Ces tests sont de bons indicateurs de la cario-susceptibilité du patient.

Examens salivaires : La salive joue un rôle majeur dans la protection de la carie dentaire : nettoyage mécanique des surfaces, reminéralisation des lésions débutantes, régulation du pH, pouvoir antimicrobien. Toute déficience salivaire entraîne une susceptibilité accrue vis-à-vis de la carie. Les tests salivaires permettent d’évaluer la cario-susceptibilité de l’enfant et d’établir une surveillance.


Mesure du débit salivaire : réalisée sans stimulation, l’enfant est assis et au fur et à mesure que la salive est sécrétée, l’enfant est invité à cracher dans un verre gradué. Lorsque le débit salivaire est inférieur à 1ml/min : il existe une déficience salivaire dont on devra trouver la cause. Une surveillance vigilante et des mesures préventives s’imposent.
Mesure du pH et du pouvoir tampon : les bactéries buccales dégradent les sucres alimentaires en acides (notamment lactique) qui abaissent le pH. Lorsque celui-ci descend en dessous du seuil critique de 5,5, on observe une déminéralisation de l’émail. Normalement, cette baisse de pH doit être rapidement compensée grâce au pouvoir tampon de la salive.
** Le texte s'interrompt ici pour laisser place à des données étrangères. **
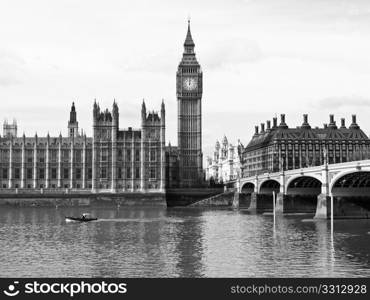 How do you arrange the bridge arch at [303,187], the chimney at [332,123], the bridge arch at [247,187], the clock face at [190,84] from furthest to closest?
the chimney at [332,123]
the clock face at [190,84]
the bridge arch at [247,187]
the bridge arch at [303,187]

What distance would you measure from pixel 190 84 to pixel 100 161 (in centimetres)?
3253

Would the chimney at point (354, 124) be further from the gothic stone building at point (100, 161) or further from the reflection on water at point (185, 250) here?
the reflection on water at point (185, 250)

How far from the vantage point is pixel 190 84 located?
171 metres

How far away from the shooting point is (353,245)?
193 ft

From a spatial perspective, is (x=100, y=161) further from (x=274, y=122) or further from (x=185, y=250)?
(x=185, y=250)

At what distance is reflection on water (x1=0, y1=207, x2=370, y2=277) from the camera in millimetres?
44906

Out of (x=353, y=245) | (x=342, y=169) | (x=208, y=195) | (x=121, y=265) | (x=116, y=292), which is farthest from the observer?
(x=208, y=195)

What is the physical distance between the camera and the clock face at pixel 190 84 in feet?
560

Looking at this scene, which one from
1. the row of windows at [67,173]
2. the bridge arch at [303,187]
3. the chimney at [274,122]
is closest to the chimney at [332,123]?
the chimney at [274,122]

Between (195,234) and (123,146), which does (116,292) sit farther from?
(123,146)

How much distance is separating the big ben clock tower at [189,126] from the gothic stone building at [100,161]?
14160 millimetres

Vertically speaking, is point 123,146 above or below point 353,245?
above

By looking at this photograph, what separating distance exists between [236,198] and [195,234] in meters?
72.2

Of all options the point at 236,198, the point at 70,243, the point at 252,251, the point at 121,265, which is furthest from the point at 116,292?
the point at 236,198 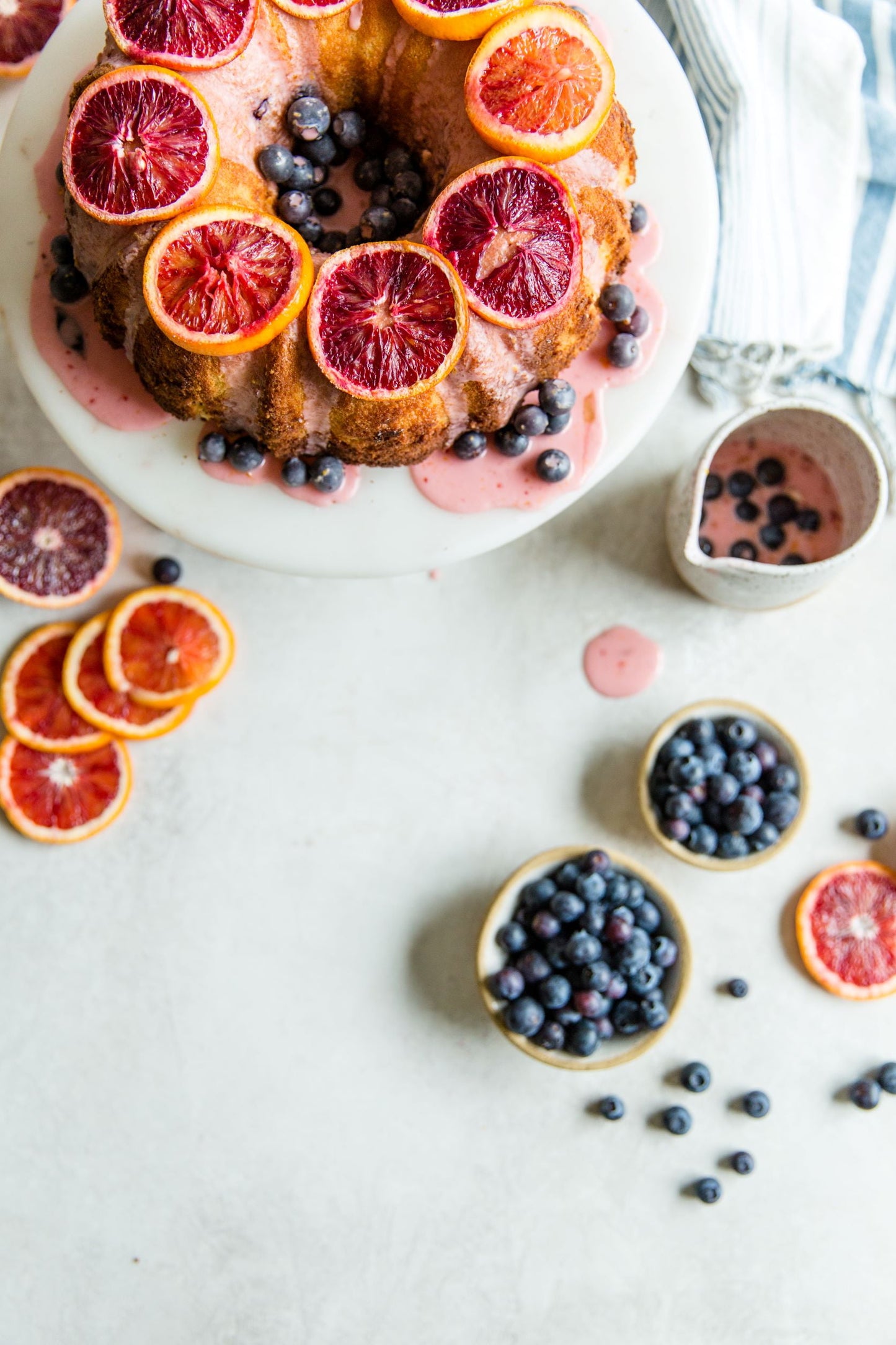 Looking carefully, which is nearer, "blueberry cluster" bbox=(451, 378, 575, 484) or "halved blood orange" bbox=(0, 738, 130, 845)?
"blueberry cluster" bbox=(451, 378, 575, 484)

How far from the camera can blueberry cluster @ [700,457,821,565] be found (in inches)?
103

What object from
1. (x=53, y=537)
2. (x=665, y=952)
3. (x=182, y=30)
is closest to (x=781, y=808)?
(x=665, y=952)

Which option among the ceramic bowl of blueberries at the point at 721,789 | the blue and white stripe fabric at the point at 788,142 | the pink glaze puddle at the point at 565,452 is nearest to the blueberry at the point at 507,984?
the ceramic bowl of blueberries at the point at 721,789

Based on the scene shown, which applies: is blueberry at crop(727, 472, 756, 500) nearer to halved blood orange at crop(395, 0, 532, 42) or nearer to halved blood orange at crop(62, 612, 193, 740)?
halved blood orange at crop(395, 0, 532, 42)

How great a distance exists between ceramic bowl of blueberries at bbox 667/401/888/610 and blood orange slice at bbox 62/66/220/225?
1176mm

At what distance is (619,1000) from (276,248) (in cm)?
174

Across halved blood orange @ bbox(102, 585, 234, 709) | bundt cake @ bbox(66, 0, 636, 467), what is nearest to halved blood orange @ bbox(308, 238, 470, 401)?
bundt cake @ bbox(66, 0, 636, 467)

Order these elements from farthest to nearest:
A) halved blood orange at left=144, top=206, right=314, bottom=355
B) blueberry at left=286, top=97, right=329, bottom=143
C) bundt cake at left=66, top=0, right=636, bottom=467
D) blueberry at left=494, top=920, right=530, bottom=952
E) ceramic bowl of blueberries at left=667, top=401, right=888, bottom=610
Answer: blueberry at left=494, top=920, right=530, bottom=952, ceramic bowl of blueberries at left=667, top=401, right=888, bottom=610, blueberry at left=286, top=97, right=329, bottom=143, bundt cake at left=66, top=0, right=636, bottom=467, halved blood orange at left=144, top=206, right=314, bottom=355

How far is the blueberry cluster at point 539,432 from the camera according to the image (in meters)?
2.04

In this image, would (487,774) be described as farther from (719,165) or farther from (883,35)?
(883,35)

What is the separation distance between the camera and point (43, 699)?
261 centimetres

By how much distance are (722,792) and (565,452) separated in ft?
2.89

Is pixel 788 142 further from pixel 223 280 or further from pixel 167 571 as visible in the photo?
pixel 167 571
2.2. DETERMINATION DU RISQUE CARIEUX DE L’ENFANT

• C’est seulement après avoir pratiqué l’ensemble des examens du diagnostic que le praticien peut se faire une idée du « profil carieux de l’enfant ».
• Ceci est alors la base d’un protocole ciblé, visant à faire régresser les facteurs favorables à l’apparition des caries dentaires et également à renforcer les capacités de résistance face au même processus.
• Un niveau de risque élevé pour un des facteurs d’apparition de la carie ne suffit pas à l’initialisation d’une lésion carieuse. Il faut tenir compte de tous les facteurs qui jouent un rôle dans l’apparition des lésions carieuses.


2.2.1. Risque carieux élevé
Le risque carieux est considéré élevé lorsque des situations à risque sont déterminées lors de l’examen :
accumulation de plaque bactérienne,
grande proportion de bactéries cariogènes,
régime alimentaire riche en sucres, grignotages fréquents,
débit salivaire réduit, capacité réduite du pouvoir tampon salivaire,
absence de prises fluorées.

La coexistence de plusieurs situations à risque augmente le risque d’apparition du processus carieux.
Lorsque le risque est élevé, on peut considérer l’existence de deux situations possibles :

risque carieux élevé et présence de lésions carieuses :

Les facteurs de risque sont supérieurs aux facteurs de résistance de la dent.
Il est nécessaire de mettre en œuvre des thérapeutiques adaptées.

risque carieux élevé mais pas de lésions carieuses :
Il est possible que les facteurs de risque soient apparus récemment et que les lésions n’aient pas eu le temps de se former. Par contre, il semble que si les facteurs de risque sont présents depuis longtemps, cela signifierait que la dent est suffisamment résistante pour ne pas être atteinte par le processus carieux. Il faut donc informer le patient de la situation et lui proposer un nombre d’actions ciblées limitées pour diminuer les facteurs de risque et renforcer la dent.

2.2.2. Risque carieux faible
Le risque carieux est considéré comme faible lorsque l’examen clinique ne permet pas la mise en évidence de situations à risque. C’est le cas lors des situations suivantes :
peu de plaque dentaire,
faible proportion de bactéries cariogènes,
faible quantité d’absorption de sucres à une fréquence peu élevée,
débit salivaire optimal, bonne capacité du pouvoir tampon salivaire,
utilisation de fluor.

Généralement, on observe une quasi-absence de lésions, mais la présence de caries peut illustrer une ancienne activité carieuse. Il faudra alors veiller à ce que les facteurs d’apparition de la carie ne redeviennent pas actifs. Pour cela, la résistance de la dent doit être augmentée.